Apart from those dense, overworked canvases that predate the rapid awakening that follows his discovery of Surrealism and its darkly playful, biomorphic forms, there are the many well-executed pastiche paintings, the ones where Gorky skilfully "does" Cezanne and Picasso. In Tate Modern’s otherwise fascinating survey, perhaps there are just too many of these on display - though through them, we do gain a fuller understanding of the distinct stages of Gorky's development (he began weighted with clodhopper boots, you might say, but then he began to fly).
His later paintings, those painted at the height of his creativity in the 1940s, are something else altogether. With their nascent, slippery forms they often allude, enigmatically, to memories of his Armenian past, and, more specifically, to memories of his mother. “Her stories and the embroidery on her apron get confused in my mind,” he once wrote. “All my life her stories and her embroidery keep unravelling pictures in my mind.”
The spidery calligraphic lines, the half-developed forms, the translucent washes of colours, all appear to capture something - a bird, a plough, a pattern on a dress; but the dissolving forms continually configure and unravel before our eyes. We also find the suggestively menacing forms which prefigure Willem de Kooning, an artist Gorky would profoundly influence. If you look closely at One Year the Milkweed (main picture), those blood-red dashes accompanied by thinly dripping lines of paint will almost certainly make you think of those disturbing grins on de Kooning's Women.
But a more explicit tribute to his mother can be found in two similar canvases, both entitled The Artist and his Mother. One was executed, on and off, over a period of 10 years (1926-1936, pictured right), the other over a period of a decade and a half (1926-1942) - two paintings he really couldn’t let go of. It is undoubtedly the one owned by the Whitney Museum, the "quicker" version, that is the greater. Staring out of grave, mask-like faces, the boy simply looks unbearably sad and rather lost, while the mother's face suggests both stoicism and accusation. Her hands are made into useless, dough-like fists, while young Vosanig proffers, in his own fist, a flower. The gesture is both pathetic and touching. This painting is hung so that it is visible through a long vista of galleries, so that it is encountered as soon as we step into the exhibition. In this sweeping retrospective, it is a painting that deserves that honour.

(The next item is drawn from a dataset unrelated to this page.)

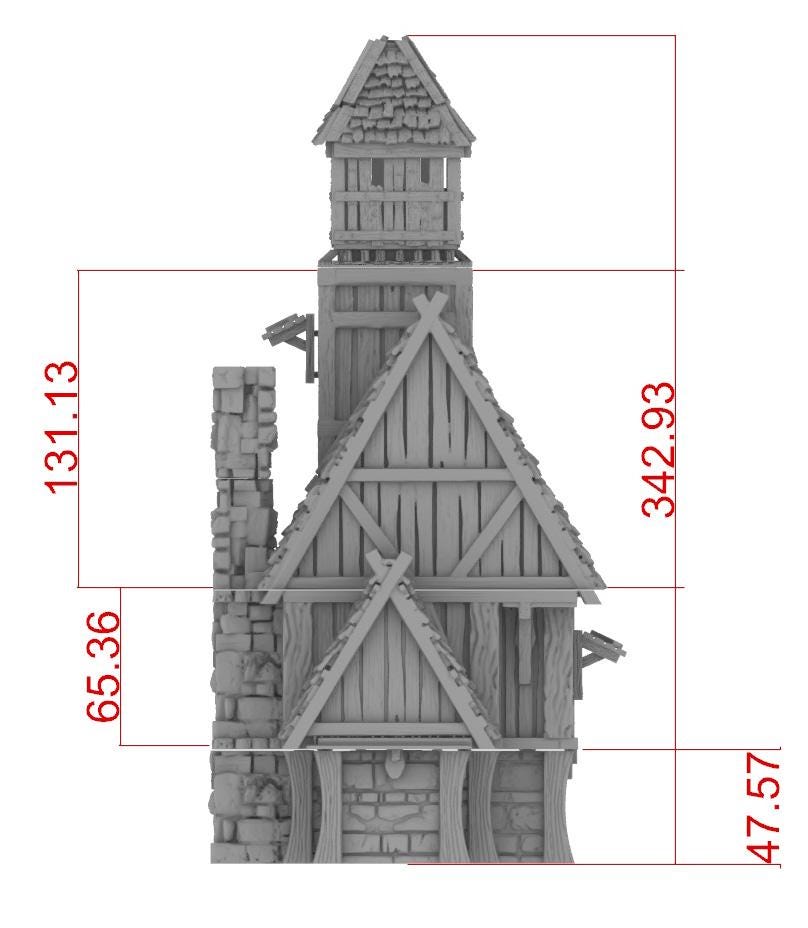 Town Watch by GameScape3D - 3D Printed Tabletop Terrain, Perfect for Wargames, Board Games, RPGs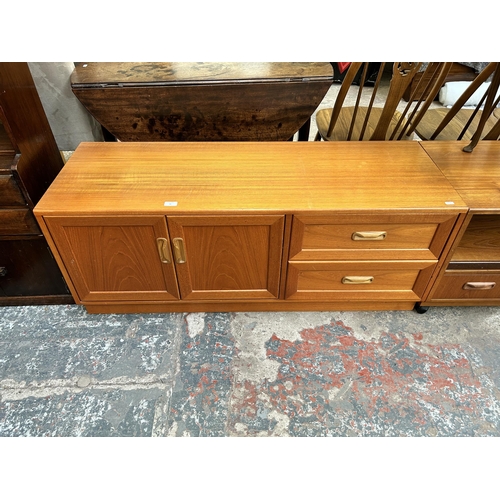 46 - A G Plan teak record cabinet - approx. 54cm high x 131cm wide x 46cm deep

And as for how Gorky's compelling story ends? Unfortunately, not well. After suffering, in alarmingly quick succession, a series of misfortunes - a fire in his Connecticut studio which destroyed years of work, rectal cancer, after which he had to have a colostomy, a car crash that broke his neck, the break-up of his marriage over his wife's affair with a close artist friend - Gorky hanged himself in 1948. Fortunately for us, with or without the back-story, the work survives.
- See Arshile Gorky: A Retrospective at Tate Modern until 3 May.